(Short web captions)
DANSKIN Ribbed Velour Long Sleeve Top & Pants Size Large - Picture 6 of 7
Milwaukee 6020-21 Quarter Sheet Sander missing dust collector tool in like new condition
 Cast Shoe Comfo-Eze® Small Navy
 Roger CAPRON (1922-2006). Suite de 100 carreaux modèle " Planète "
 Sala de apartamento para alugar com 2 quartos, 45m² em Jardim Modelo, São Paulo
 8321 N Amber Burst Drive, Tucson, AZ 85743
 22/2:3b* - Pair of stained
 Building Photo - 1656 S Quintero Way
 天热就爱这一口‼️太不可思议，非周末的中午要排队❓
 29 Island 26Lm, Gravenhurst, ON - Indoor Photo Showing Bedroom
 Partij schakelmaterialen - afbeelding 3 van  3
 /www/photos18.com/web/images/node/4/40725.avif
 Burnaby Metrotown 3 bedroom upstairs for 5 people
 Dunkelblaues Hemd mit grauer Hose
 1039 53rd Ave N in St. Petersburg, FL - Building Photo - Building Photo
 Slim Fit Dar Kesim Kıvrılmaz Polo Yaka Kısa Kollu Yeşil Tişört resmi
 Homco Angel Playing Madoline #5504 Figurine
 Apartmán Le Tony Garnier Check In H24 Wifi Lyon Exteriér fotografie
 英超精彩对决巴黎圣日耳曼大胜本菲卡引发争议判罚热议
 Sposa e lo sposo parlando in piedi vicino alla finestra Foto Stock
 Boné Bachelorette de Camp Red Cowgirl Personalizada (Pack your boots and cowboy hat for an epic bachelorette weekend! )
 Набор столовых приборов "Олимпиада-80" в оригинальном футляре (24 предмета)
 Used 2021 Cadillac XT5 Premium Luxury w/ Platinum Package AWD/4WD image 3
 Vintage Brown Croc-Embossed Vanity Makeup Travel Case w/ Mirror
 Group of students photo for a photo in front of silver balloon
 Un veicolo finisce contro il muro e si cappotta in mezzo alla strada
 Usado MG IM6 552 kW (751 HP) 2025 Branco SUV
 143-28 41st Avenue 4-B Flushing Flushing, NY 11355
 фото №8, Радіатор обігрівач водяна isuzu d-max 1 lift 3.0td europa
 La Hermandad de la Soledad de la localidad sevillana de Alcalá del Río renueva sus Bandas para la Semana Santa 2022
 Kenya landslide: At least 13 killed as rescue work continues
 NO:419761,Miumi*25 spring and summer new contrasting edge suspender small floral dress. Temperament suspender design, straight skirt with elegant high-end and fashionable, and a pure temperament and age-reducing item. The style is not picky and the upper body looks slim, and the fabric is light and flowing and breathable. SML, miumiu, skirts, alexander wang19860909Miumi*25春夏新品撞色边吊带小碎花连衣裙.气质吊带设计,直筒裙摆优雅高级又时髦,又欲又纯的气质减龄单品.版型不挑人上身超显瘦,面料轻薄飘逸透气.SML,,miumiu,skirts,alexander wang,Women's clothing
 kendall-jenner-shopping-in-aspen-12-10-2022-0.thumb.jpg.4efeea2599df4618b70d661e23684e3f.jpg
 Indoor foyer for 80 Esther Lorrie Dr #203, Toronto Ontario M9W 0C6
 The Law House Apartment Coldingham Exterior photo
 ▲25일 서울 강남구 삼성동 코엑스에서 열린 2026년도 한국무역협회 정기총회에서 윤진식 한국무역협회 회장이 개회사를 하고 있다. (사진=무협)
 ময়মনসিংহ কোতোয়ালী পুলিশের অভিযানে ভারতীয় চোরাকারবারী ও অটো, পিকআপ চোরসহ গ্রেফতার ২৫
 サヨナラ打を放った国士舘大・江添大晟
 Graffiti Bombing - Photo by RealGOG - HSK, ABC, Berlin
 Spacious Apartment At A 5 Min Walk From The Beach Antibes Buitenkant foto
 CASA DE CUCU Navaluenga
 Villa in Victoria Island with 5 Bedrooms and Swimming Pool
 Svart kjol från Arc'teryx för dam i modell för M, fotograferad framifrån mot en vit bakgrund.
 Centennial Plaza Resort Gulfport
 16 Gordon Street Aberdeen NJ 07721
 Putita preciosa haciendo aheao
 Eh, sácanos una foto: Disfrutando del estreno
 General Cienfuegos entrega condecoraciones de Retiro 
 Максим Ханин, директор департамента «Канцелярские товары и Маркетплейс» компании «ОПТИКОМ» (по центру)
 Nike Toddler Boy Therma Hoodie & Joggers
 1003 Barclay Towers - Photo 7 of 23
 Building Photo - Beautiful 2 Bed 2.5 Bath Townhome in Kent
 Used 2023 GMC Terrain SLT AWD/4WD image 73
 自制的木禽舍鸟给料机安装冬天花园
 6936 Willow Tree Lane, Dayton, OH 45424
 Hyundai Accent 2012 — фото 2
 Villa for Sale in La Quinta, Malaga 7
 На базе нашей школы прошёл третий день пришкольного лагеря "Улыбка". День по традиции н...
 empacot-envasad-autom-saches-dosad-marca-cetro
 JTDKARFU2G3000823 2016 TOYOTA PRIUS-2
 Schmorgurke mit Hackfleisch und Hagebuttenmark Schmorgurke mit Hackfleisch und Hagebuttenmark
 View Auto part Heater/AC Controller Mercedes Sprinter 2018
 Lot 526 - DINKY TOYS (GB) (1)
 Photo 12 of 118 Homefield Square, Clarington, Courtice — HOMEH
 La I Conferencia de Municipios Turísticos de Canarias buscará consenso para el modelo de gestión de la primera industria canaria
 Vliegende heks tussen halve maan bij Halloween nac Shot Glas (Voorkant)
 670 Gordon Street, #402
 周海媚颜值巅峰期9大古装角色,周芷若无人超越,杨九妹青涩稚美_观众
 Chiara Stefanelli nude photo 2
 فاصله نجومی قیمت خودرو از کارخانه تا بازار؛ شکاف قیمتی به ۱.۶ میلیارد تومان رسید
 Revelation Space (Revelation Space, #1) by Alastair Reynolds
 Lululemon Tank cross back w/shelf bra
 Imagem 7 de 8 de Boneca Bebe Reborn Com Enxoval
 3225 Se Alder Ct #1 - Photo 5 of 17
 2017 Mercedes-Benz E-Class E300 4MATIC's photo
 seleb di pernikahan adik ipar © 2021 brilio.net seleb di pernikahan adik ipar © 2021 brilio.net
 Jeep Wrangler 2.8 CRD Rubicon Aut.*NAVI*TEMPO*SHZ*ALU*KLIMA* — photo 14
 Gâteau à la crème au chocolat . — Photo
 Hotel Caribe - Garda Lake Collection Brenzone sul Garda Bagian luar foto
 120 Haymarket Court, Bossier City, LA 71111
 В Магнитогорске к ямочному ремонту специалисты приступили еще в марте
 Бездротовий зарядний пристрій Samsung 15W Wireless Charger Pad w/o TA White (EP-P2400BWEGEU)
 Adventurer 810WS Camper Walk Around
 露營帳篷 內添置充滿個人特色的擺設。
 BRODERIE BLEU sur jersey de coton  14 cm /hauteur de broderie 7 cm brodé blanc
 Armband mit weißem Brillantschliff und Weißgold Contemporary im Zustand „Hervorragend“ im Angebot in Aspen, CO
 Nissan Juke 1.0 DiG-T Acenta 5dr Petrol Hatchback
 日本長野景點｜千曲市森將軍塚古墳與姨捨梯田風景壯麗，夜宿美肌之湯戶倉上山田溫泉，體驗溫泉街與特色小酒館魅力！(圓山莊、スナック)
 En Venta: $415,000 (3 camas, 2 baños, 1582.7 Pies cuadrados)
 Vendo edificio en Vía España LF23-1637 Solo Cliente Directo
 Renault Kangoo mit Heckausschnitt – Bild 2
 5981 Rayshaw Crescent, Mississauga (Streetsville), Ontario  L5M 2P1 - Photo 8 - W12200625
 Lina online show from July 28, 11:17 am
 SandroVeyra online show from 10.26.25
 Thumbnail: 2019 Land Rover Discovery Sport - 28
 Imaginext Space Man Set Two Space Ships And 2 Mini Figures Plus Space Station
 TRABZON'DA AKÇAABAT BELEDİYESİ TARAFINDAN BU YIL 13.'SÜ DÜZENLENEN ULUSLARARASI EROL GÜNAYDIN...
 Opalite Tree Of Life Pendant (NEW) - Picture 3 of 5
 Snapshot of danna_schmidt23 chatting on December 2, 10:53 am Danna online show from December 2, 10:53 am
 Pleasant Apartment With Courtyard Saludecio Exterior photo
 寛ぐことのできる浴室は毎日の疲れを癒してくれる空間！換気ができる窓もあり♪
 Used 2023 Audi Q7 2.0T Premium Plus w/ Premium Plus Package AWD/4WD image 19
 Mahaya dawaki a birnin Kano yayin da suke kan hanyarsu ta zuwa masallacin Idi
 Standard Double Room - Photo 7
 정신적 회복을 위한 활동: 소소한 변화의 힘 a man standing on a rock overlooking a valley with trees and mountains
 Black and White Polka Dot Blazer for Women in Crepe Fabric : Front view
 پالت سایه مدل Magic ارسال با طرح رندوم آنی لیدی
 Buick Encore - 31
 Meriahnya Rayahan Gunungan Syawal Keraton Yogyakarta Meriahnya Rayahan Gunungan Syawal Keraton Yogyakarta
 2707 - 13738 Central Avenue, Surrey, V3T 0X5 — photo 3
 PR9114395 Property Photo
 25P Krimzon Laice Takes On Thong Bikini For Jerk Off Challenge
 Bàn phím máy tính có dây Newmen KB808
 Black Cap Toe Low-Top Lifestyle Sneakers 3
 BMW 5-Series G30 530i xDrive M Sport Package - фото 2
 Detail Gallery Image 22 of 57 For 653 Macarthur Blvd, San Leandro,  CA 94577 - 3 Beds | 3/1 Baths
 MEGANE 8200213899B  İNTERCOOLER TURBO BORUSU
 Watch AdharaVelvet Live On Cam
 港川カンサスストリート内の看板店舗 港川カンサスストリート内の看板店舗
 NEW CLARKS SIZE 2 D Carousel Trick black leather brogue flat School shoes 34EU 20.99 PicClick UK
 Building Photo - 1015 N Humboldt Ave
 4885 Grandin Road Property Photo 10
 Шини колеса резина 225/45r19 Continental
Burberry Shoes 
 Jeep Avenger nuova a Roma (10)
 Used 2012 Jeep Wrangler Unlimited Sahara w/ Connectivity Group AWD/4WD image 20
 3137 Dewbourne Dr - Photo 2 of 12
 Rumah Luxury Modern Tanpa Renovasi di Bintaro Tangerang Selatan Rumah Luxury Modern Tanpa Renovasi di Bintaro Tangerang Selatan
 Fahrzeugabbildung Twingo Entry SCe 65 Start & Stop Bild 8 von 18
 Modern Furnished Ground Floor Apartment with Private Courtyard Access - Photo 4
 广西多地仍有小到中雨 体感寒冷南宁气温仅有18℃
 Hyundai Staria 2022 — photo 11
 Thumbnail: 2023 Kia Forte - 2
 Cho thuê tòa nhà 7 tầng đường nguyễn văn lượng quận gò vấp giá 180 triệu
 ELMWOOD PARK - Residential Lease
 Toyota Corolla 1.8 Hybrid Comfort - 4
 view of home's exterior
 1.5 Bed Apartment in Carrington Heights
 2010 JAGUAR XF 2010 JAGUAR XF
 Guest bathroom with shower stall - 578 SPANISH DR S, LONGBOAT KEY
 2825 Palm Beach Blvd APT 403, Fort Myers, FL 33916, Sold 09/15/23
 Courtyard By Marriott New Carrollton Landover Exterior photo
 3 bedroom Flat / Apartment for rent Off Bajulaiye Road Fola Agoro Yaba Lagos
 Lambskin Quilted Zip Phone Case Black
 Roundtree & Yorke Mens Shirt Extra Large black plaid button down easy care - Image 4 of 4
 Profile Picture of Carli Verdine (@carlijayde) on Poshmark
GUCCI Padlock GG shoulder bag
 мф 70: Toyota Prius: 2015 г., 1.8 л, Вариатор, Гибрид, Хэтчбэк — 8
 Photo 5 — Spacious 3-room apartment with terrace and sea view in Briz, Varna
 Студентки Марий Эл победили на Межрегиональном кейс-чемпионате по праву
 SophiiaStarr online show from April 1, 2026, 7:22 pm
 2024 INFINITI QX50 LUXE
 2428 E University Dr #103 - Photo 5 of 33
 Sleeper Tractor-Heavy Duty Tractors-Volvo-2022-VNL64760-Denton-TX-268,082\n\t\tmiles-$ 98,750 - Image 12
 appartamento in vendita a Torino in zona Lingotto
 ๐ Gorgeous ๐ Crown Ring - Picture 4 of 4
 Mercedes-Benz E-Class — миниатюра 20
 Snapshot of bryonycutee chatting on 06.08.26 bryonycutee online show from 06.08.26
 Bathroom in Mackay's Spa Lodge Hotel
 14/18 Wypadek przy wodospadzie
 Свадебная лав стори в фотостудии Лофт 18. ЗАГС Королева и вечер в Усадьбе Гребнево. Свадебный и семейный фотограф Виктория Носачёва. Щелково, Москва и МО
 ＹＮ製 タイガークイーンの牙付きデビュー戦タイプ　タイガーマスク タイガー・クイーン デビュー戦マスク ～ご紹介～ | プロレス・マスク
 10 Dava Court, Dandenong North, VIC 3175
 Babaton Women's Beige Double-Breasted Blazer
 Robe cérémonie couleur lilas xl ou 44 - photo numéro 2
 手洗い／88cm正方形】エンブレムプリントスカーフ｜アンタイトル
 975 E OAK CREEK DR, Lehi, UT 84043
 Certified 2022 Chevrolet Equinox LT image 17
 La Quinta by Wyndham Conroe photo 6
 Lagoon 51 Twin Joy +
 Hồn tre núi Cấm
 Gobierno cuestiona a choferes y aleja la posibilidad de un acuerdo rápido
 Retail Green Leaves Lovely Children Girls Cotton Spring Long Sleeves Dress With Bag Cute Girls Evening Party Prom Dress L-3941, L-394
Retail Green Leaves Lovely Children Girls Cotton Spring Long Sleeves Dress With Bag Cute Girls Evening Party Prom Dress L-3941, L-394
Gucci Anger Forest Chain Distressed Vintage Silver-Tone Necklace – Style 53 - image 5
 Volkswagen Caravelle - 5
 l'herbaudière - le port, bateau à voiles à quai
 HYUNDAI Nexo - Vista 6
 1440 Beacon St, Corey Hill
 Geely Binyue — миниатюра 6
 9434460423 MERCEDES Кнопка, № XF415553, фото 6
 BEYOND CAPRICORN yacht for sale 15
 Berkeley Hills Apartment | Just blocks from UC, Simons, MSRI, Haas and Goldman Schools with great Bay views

ABOUT THIS EXERCISE -> Give only the lines from the one holding "ELMWOOD PARK - Residential Lease" through the one holding "мф 70: Toyota", each restated exactly as it appears above.

SOLUTION FOR THIS EXERCISE ->
 ELMWOOD PARK - Residential Lease
 Toyota Corolla 1.8 Hybrid Comfort - 4
 view of home's exterior
 1.5 Bed Apartment in Carrington Heights
 2010 JAGUAR XF 2010 JAGUAR XF
 Guest bathroom with shower stall - 578 SPANISH DR S, LONGBOAT KEY
 2825 Palm Beach Blvd APT 403, Fort Myers, FL 33916, Sold 09/15/23
 Courtyard By Marriott New Carrollton Landover Exterior photo
 3 bedroom Flat / Apartment for rent Off Bajulaiye Road Fola Agoro Yaba Lagos
 Lambskin Quilted Zip Phone Case Black
 Roundtree & Yorke Mens Shirt Extra Large black plaid button down easy care - Image 4 of 4
 Profile Picture of Carli Verdine (@carlijayde) on Poshmark
GUCCI Padlock GG shoulder bag
 мф 70: Toyota Prius: 2015 г., 1.8 л, Вариатор, Гибрид, Хэтчбэк — 8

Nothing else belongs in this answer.